Ben belki de serde Sosyalistlik var diye mi bilmem, Saray gezmeyi pek sevmem. Hele ki bizim Batılılaşma özentisi Şark şatafatıyla ve kitsch bir estetikle ortada olan bu yapılara ısınamadım. Tarihçi kimliğim ile de Saraylar üzerinden bu coğrafyanın tarihini yapmak pek de anlamlı gelmez bana. Bu Topkapı Sarayı içinde geçerlidir. Bu düşüncelerimi doğal olarak eşimle yola çıkarken ve onunla Sarayı gezerken söylemedim. Siz bu satırları okuyanlardan sır çıkmayacağını bildiğim için yazıyorum.

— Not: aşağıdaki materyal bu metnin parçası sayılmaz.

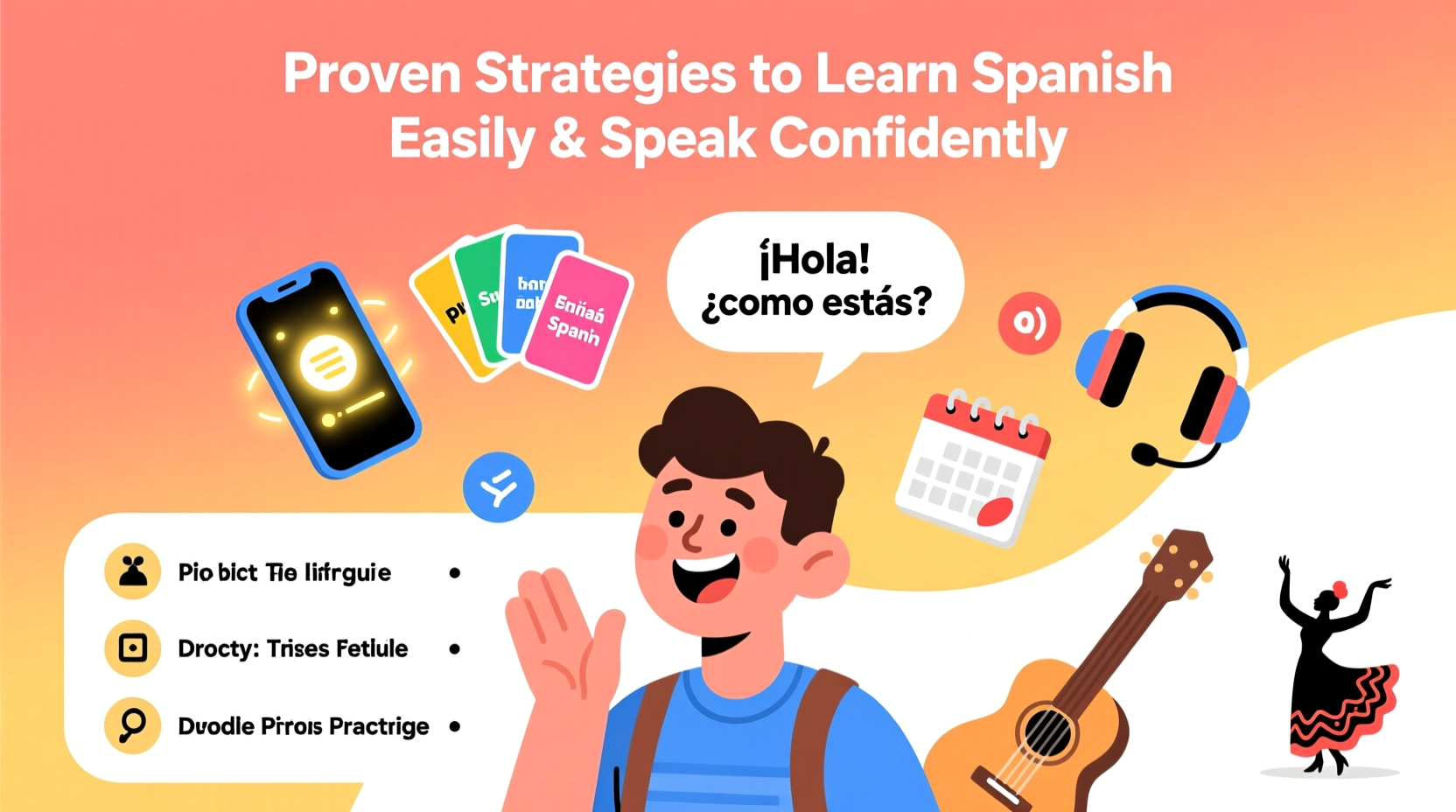 proven strategies to learn spanish easily and speak confidently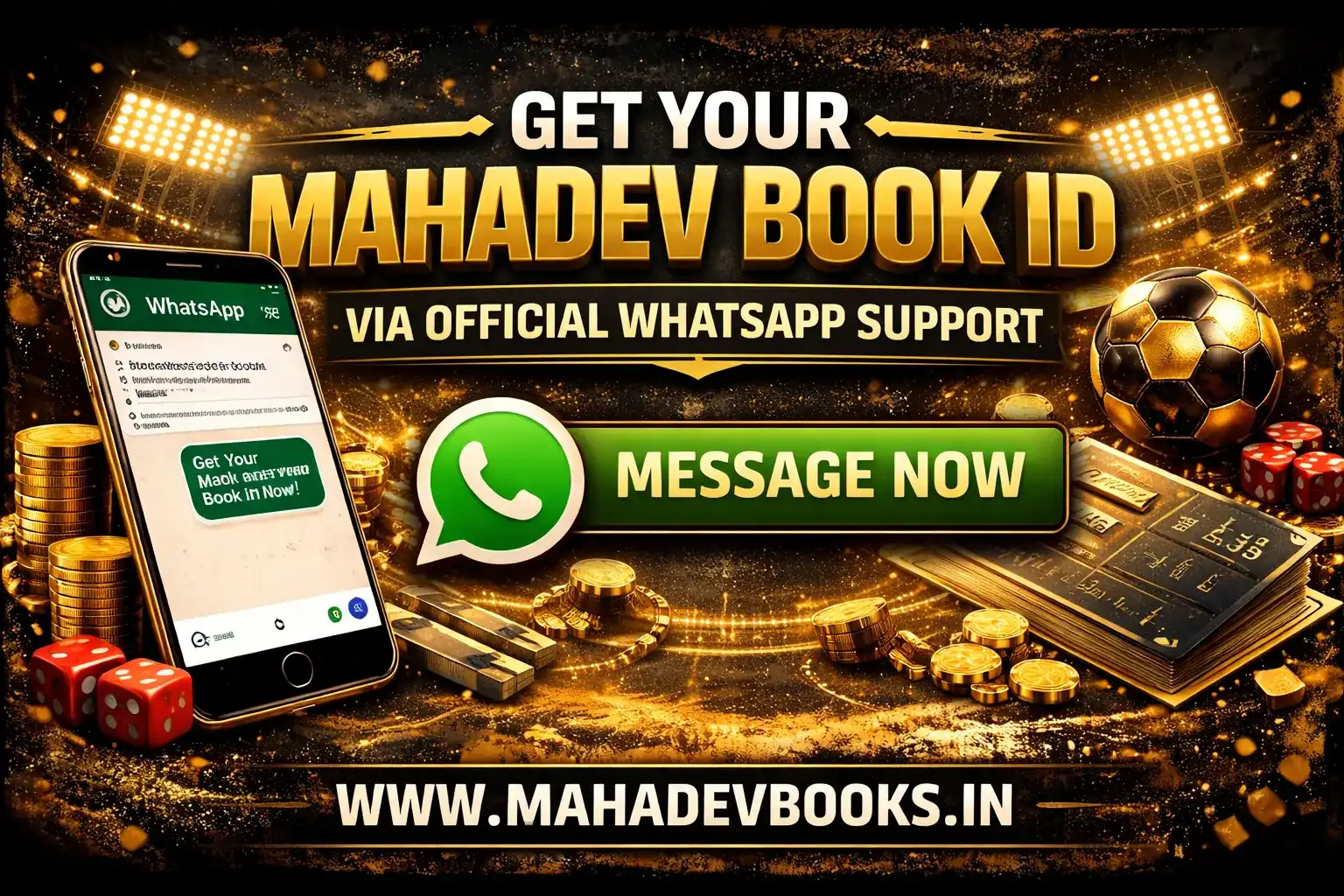 Read more about the article Mahadev Book – Get Your Betting ID Through Official WhatsApp Support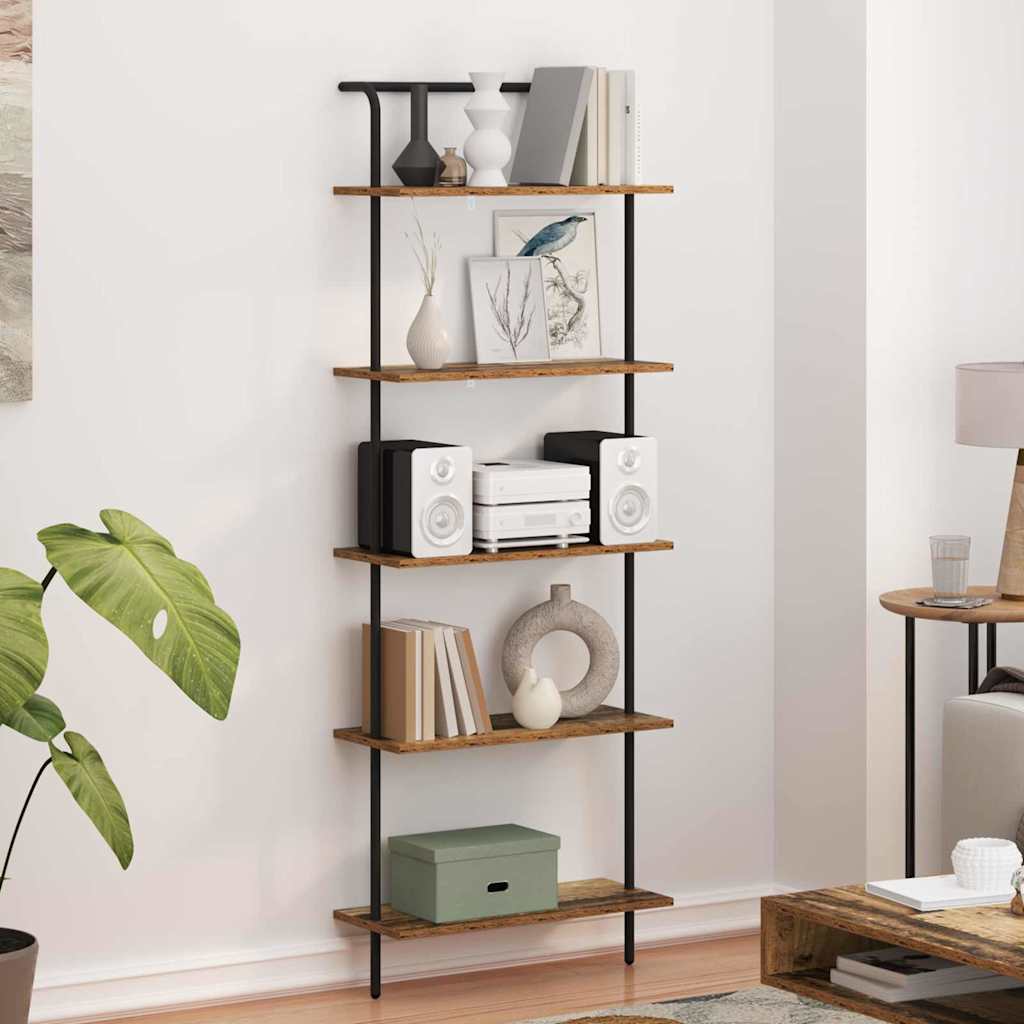Regal Altholz 60 x 24 x 168 cm Holzwerkstoff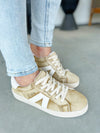 Corky's No Chaser Sneakers in Washed Tan Denim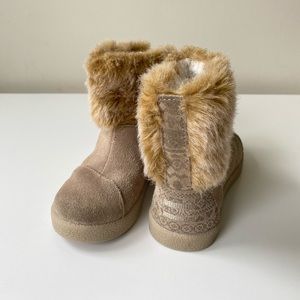 TOMS, Suede Fur Boots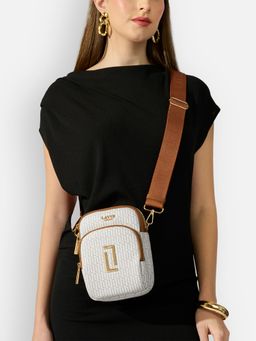 Lavie Luxe - Women's Mobile 3C Sling Bag (White)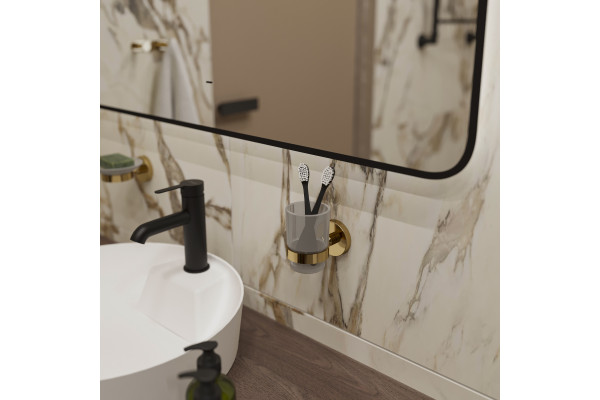 Стакан DEKOR BANYO Alina Gold A40 406 02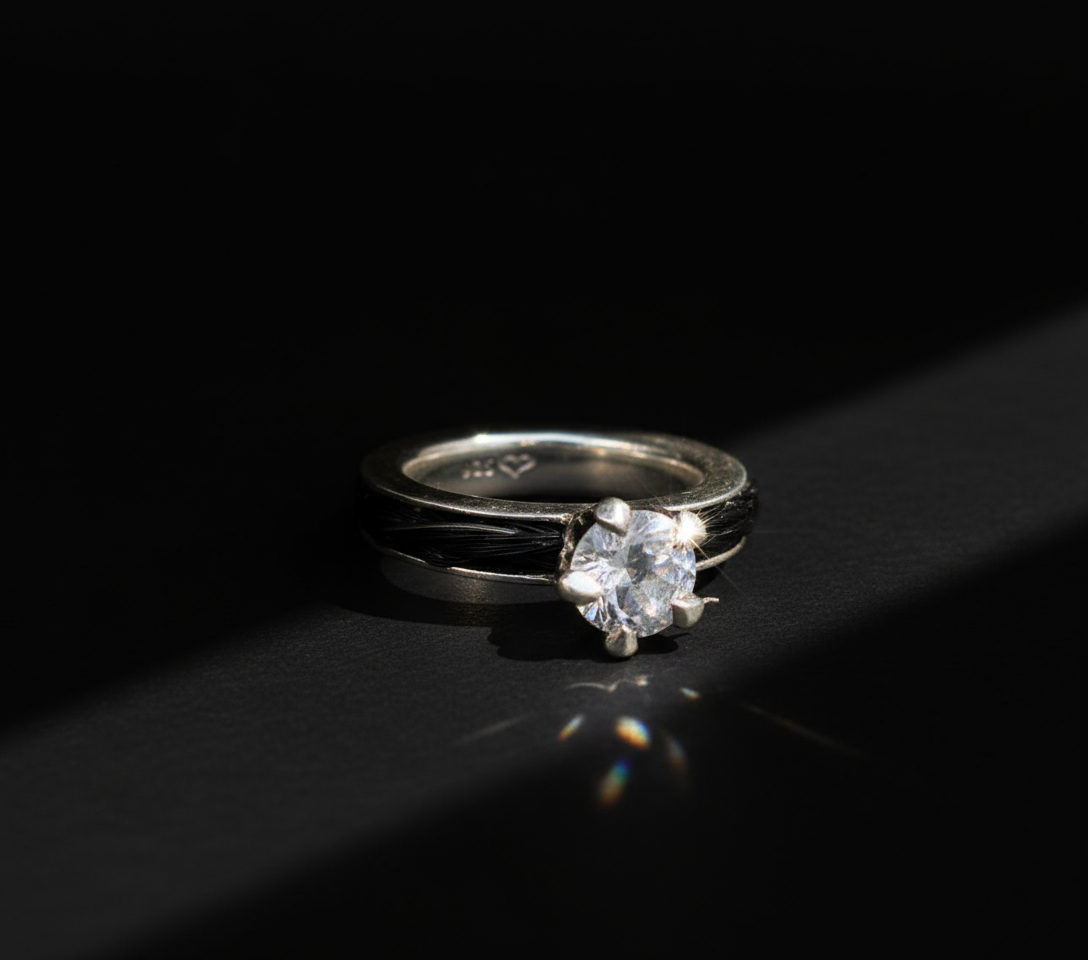 Ring mit Pferdehaar- Schmuck aus Pferdehaar, Fingerring aus Pferdehaar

Sarayın hemen dibinde otopark hizmeti çok iyi baştan söylemek gerek. Müzeye girişi sırasında güvenlikçiler, gişe görevlisi arkadaşlar çok nazik ve bilgi vermeye her an hazırlar. En önemlisi güler yüzlüler, bu Saraya girişte de aynı idi. Ben şahsen her girene içerde fotoğraf çekmek yasaktır demekten bıkardım. Onlar bıkmadan söylüyorlar buna rağmen içerde şu cep telefonu denilen illetle fotoğraf çekmeye çalışanları da yine sabırla uyarıyorlar.
Girişten geçtikten sonra dakika bir gol bir durumu yaşadım. Önümde iki genç kadın öğretmen birbirleriyle konuşuyorlardı. Biri diğerine; “buraları gezmek lazım. Daha önce Topkapı Sarayını gezdim. Ne zorluklar yaşıyorlarmış. Bu topraklar için neler yapmışlar onları görmek gerek” dedi. Diğeri; “insanlar Topkapı Sarayını bir tek Harem’den ibaret sanıyor. Orada bu insanlar ne çileli hayat yaşamışlar” deyince, “bunları sarayı gezince mi anladınız? Umarım okulda çocuklara sarayda çileli hayat hikâyeleri anlatmıyorsunuzdur?” demek zorunda kaldım. Hiçbir ifade olmayan boş gözlerle bir süre bana baktılar, sonra bir şey söylemeden devam ettiler.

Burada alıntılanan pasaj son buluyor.